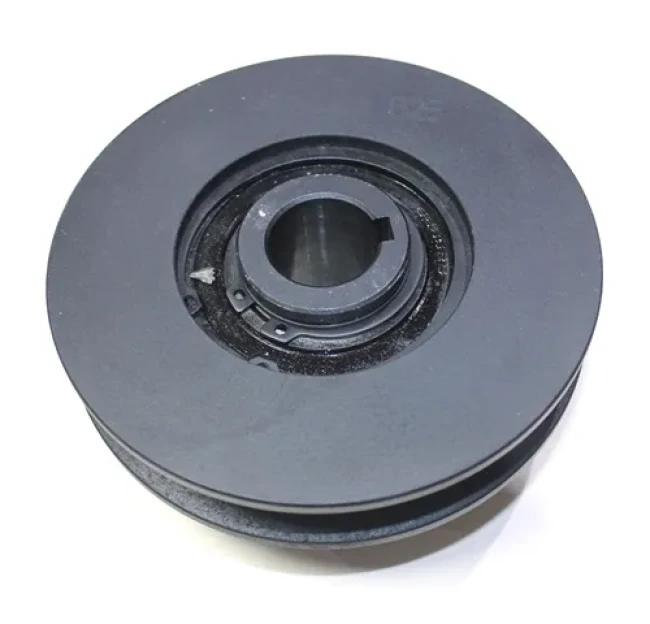 Муфта сцепления для бензопилы A128-25 Муфта сцепления для бензопилы A128-25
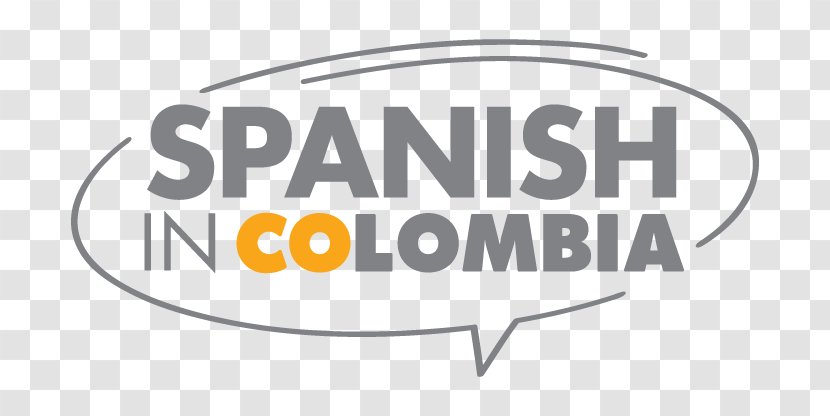 Logo Product Design Brand Illustration - Area - Spanish Language Transparent PNG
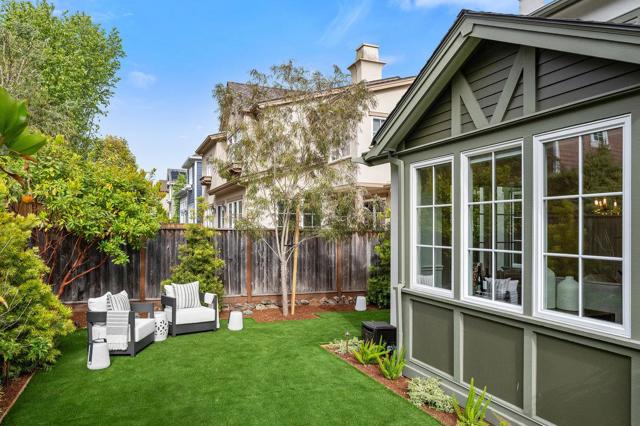 116 Carnoustie Drive, Half Moon Bay CA: https://media.crmls.org/mediaz/b7a299c7-7a74-4b62-b7ef-1f99b558c2bc.jpg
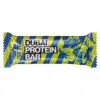 Pure Gold Dubai Bar fehérje szelet - 50g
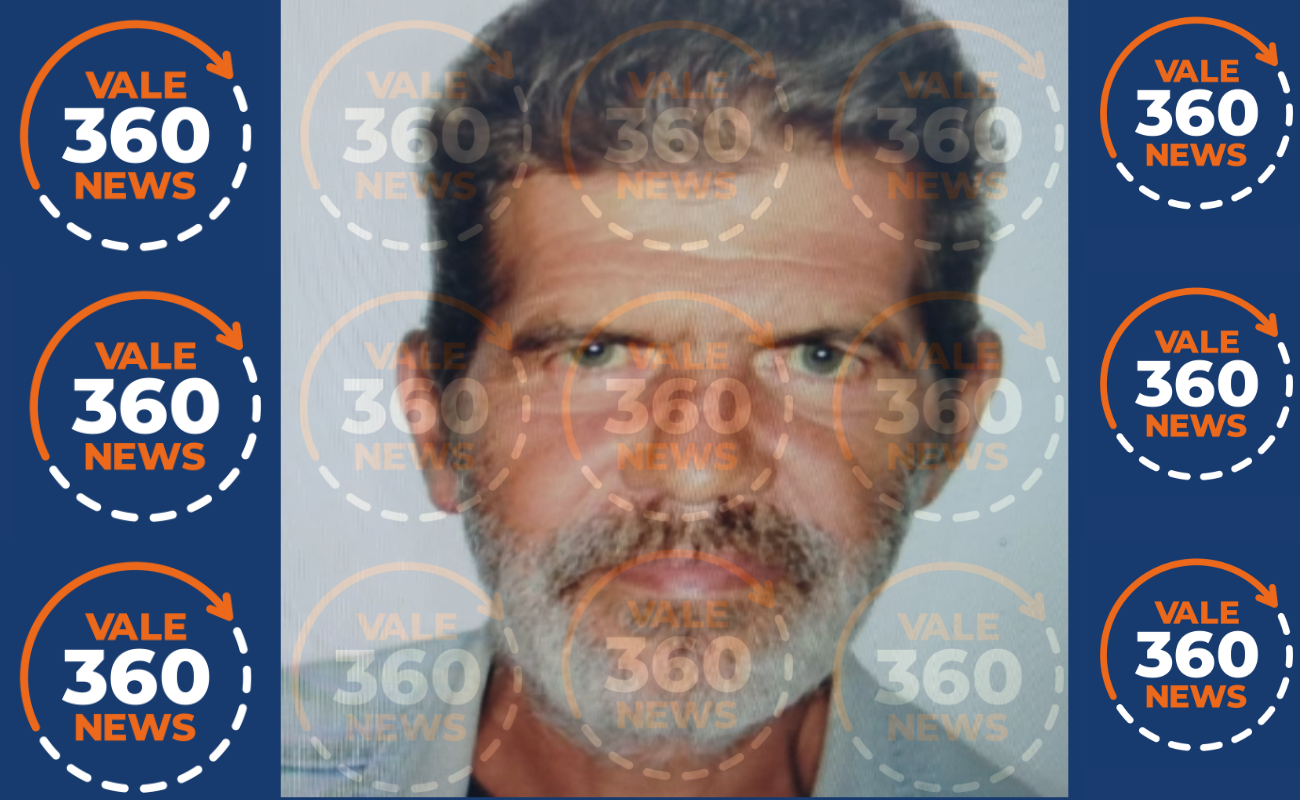 Homem de 56 anos é morto dentro de casa em São José dos Campos e primo é suspeito do homicídio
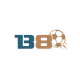 b8csite's avatar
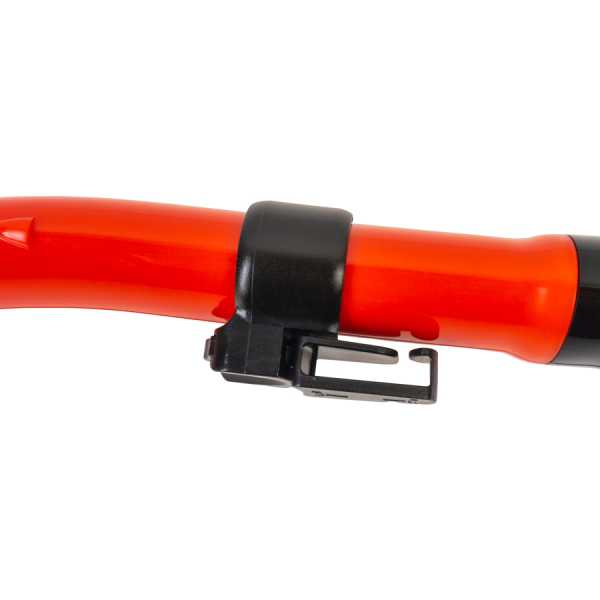 ������ Scorpena K4 c ����� ���������, �����. ��� ��������� �����, ������ � ��������� �������� �������.��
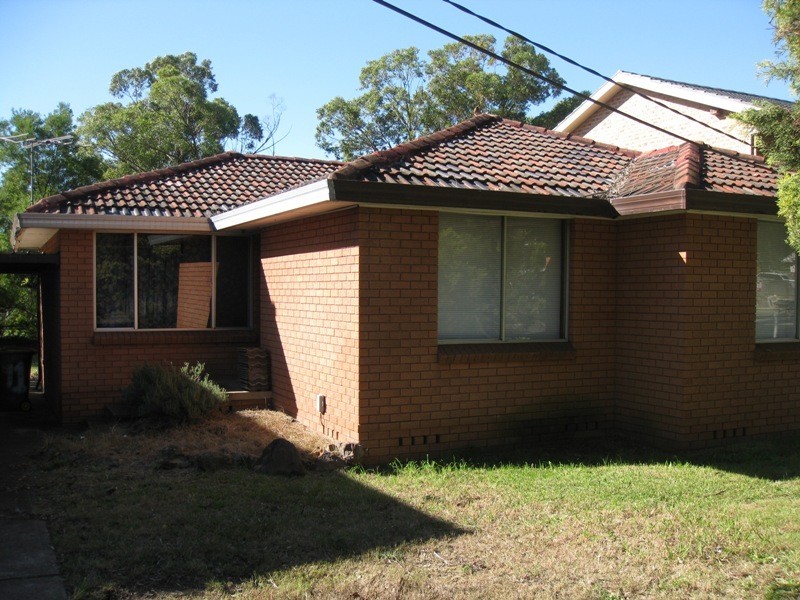 91 Richmond Road, Blacktown NSW 2148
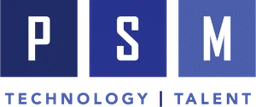 Logo PSM PARTNERS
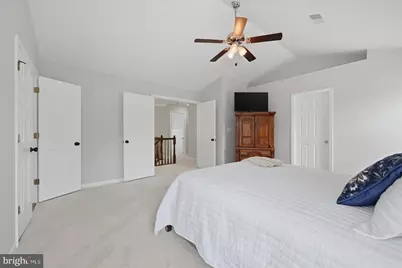 20847 Shy Beaver Court, Ashburn, VA 20147 - Photo 31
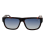 Timberland Timberland Sunglasses TB9337 52D 58 2
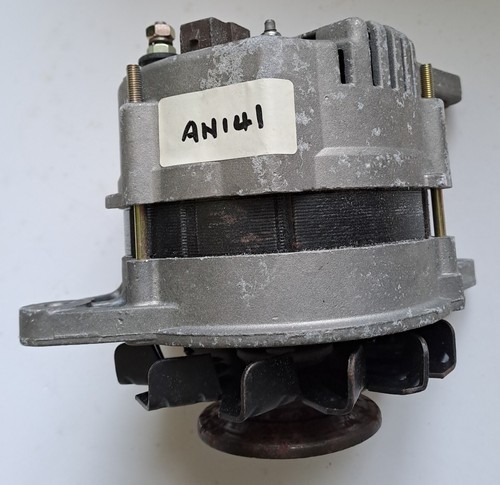 Reconditioned 141 - an,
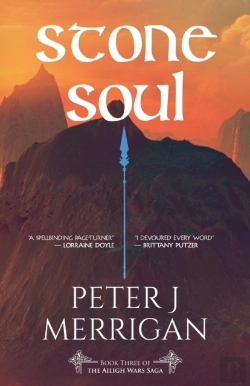 Bertrand.pt - Stone Soul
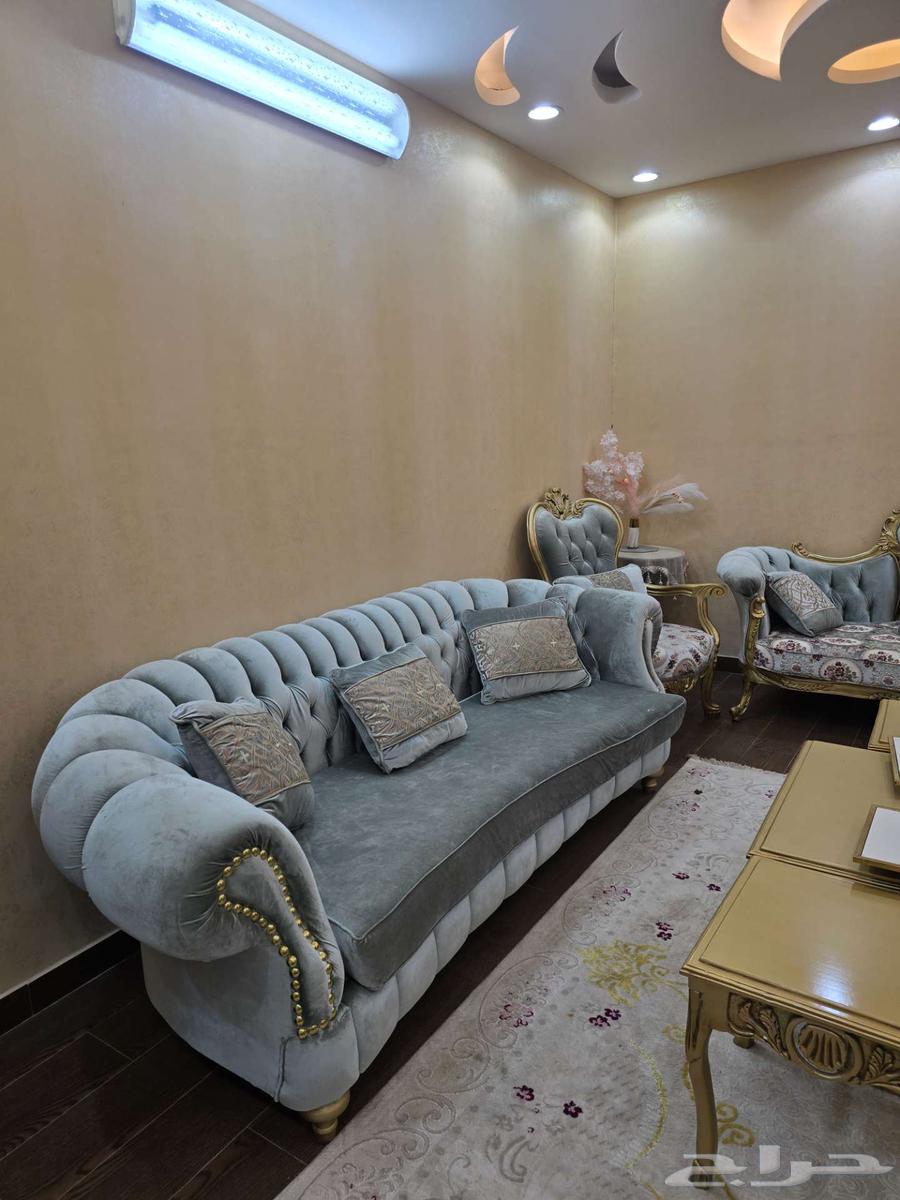 كنب مجلس للبيع64475016308995111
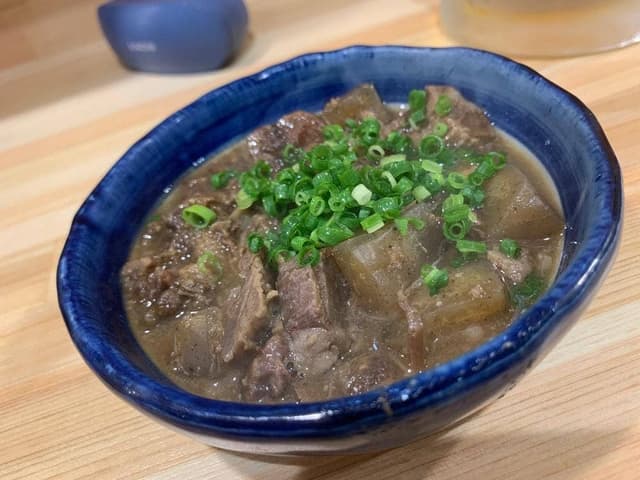 大衆酒場 あいあい - サブ画像1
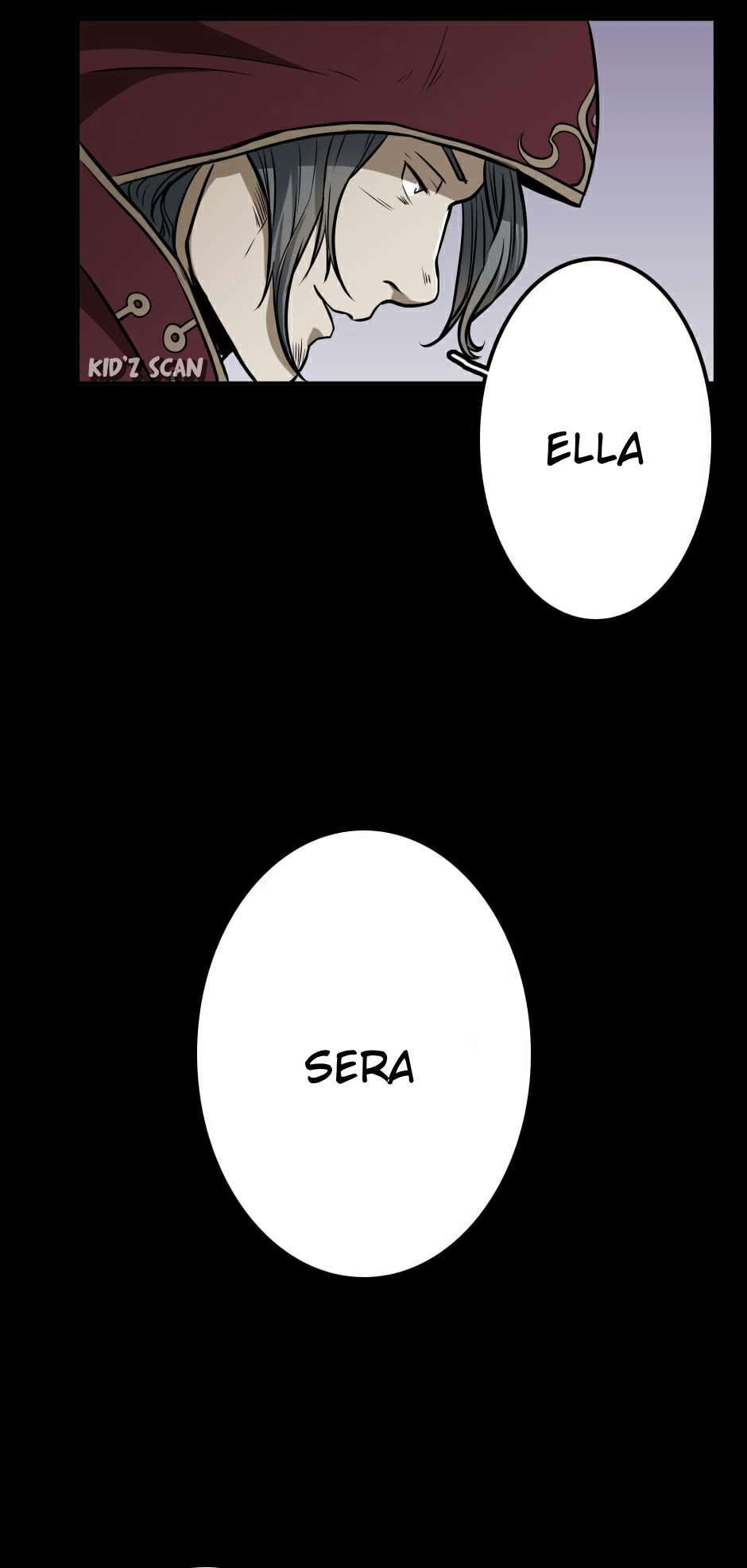 Capitulo 42 page 53
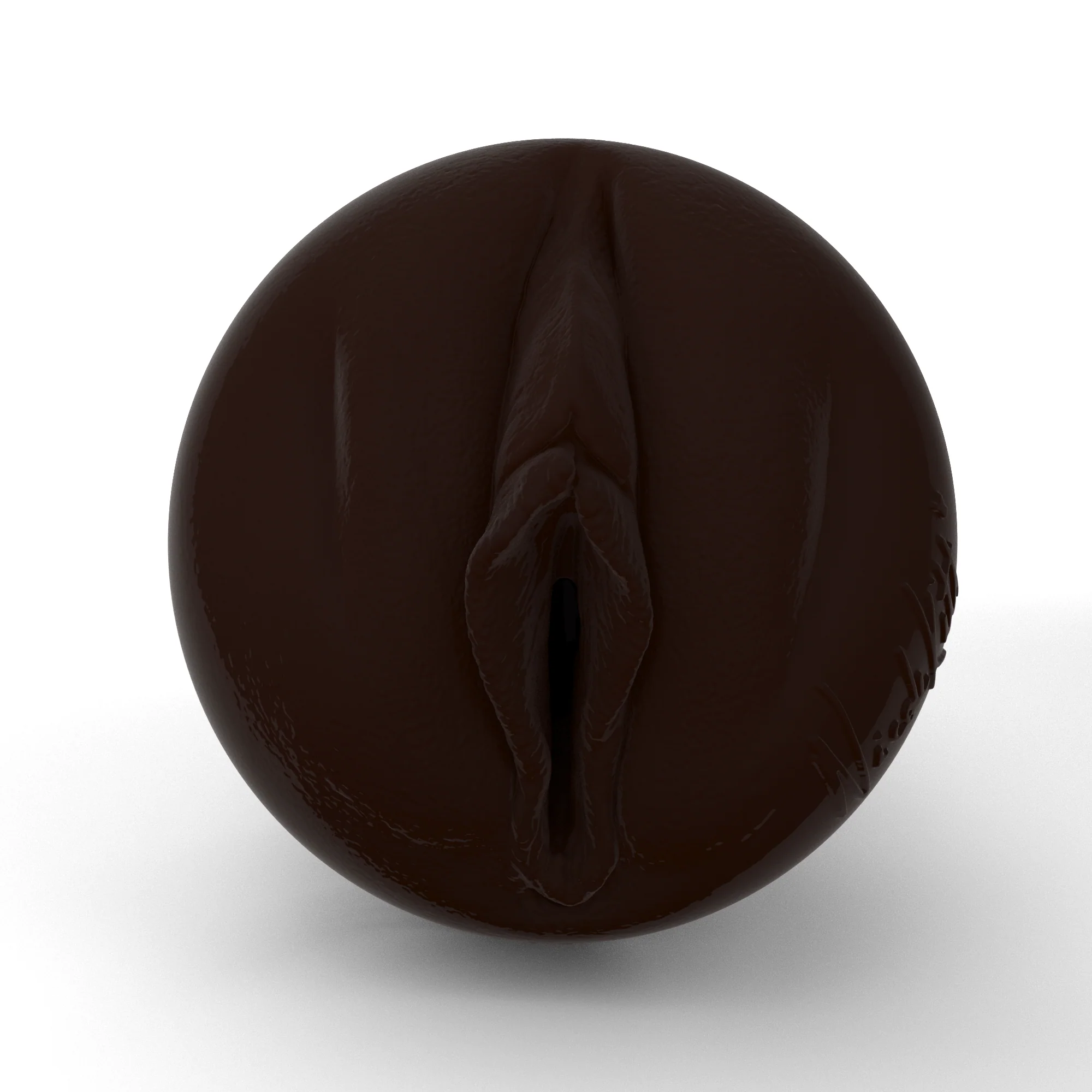 Nicole Kitt VIXEN Edition Fleshlight - Image 2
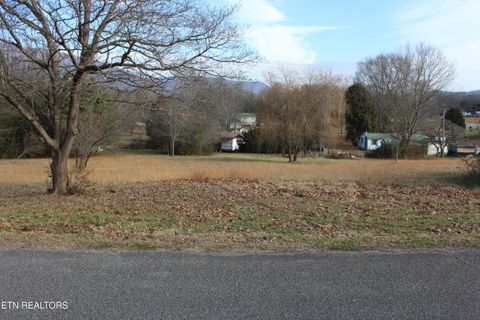 Tiny photo for Lot 5 & 6 Powell Valley Shores Circle, Speedwell, TN 37870 (MLS # 1323127)
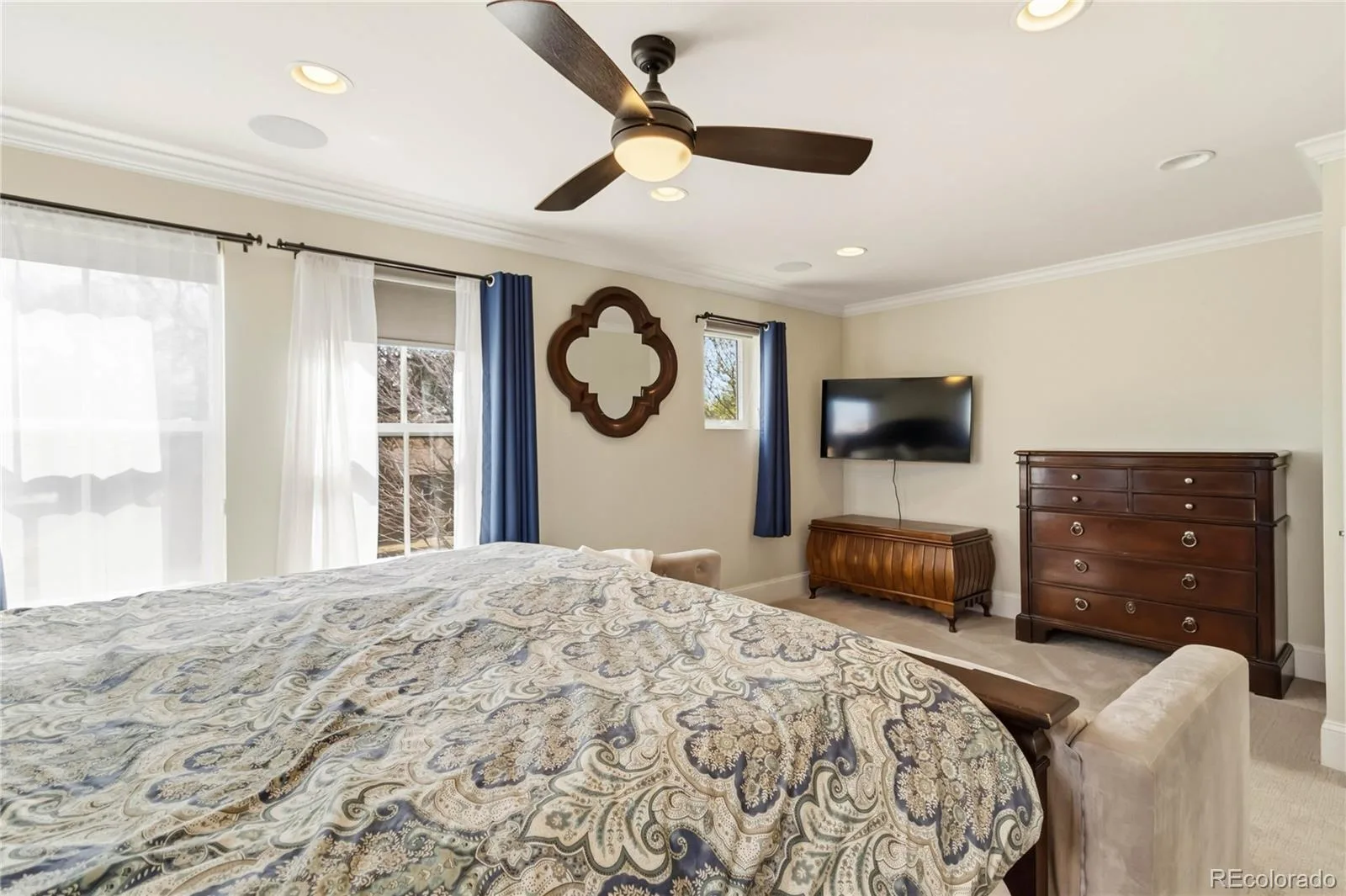 1901 S Logan Street Denver CO 80210 | MLS #REC8037809 08072026033730 1600 15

-=-=-

§ Exercise: Restate word for word, please, the line containing "20847 Shy Beaver" and all lines after it through the end of the material; the pictures do not belong in the copy.

§ Result of this exercise:
 20847 Shy Beaver Court, Ashburn, VA 20147 - Photo 31
 Timberland Timberland Sunglasses TB9337 52D 58 2
 Reconditioned 141 - an,
 Bertrand.pt - Stone Soul
 كنب مجلس للبيع64475016308995111
 大衆酒場 あいあい - サブ画像1
 Capitulo 42 page 53
 Nicole Kitt VIXEN Edition Fleshlight - Image 2
 Tiny photo for Lot 5 & 6 Powell Valley Shores Circle, Speedwell, TN 37870 (MLS # 1323127)
 1901 S Logan Street Denver CO 80210 | MLS #REC8037809 08072026033730 1600 15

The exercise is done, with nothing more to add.